Question: HLA analysis using SNP2HLA
gravatar for bioinf
13 months ago by
bioinf20 wrote:


I have run snp2hla in my dataset and got the imputed results. But I am unable to interpret it. The softwares website also does not have sufficient information. Could anyone help me on this. Thanks in advance.

next-gen • 369 views
ADD COMMENTlink modified 5 weeks ago by Charles Warden6.1k • written 13 months ago by bioinf20

You should show your output to get help :)

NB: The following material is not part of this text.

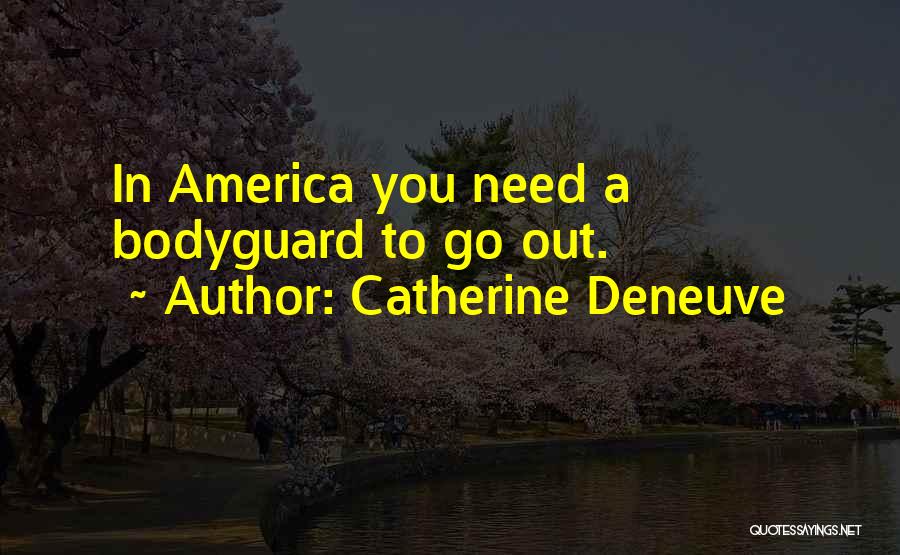Catherine Deneuve Quotes: In America You Need A Bodyguard To Go Out.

ADD REPLYlink written 13 months ago by Titus770
gravatar for jyoti.khadake
5 weeks ago by
jyoti.khadake20 wrote:

The output has P or A against the haplotype which indicates either presence or absence of haplotype

ADD COMMENTlink written 5 weeks ago by jyoti.khadake20
gravatar for Charles Warden
5 weeks ago by
Charles Warden6.1k
Duarte, CA
Charles Warden6.1k wrote:

I would have to couple check the output files on my home computer, but I think there should be a way to define your top 2 haplotypes.

For example, I have these comparisons with different HLA programs for my own genome data (underneath the huge "23andMe versus Genes for Good" Venn Diagram):

For example, concordance was generally better for my HLA-A, HLA-B, HLA-C genes.

ADD COMMENTlink modified 5 weeks ago • written 5 weeks ago by Charles Warden6.1k

Hi Charles, Soumya mentioned in his Nature Genetics paper 2012. 2767 SNPs were selected to tag the entire MHC. Where I can find the list for these 2767 SNPs. Thanks.

ADD REPLYlink written 7 days ago by Shicheng Guo7.4k

That is a good question - I am not entirely sure (which sites are most informative for the SNP chip imputation, or which ones are used in that paper).

With the NGS data, you'd probably want a specific HLA reference with the HLA haplotypes (rather than a more typical genome alignment).

If you look up HLA-A on the UCSC Genome Browser, you get a lot of alternative chromosome coordinates. I don't remember seeing those as often on SNP chip data, but perhaps you could look in the range of variants for the overall HLA region on chr6?

I'll double-check where I see a dip in my Veritas WGS data when I get home (since I believe they provided a filtered bam per chromosome, instead of raw .fastq files). So, perhaps this can be revised, but maybe sites within chr6:32,390,512-33,117,623 (on hg19) could be of interest?

Update: My Veritas WGS data has a dip from chr6:28,478,344-33,451,189 (for reads that weren't aligned to the canonical chromosomes, and not having unaligned reads to test for re-alignment). That is a larger region than I originally guessed. I suspect there are also regions mapped to other areas (possibly with homology to the alternate HLA chromosomes), but this was the most clear to me.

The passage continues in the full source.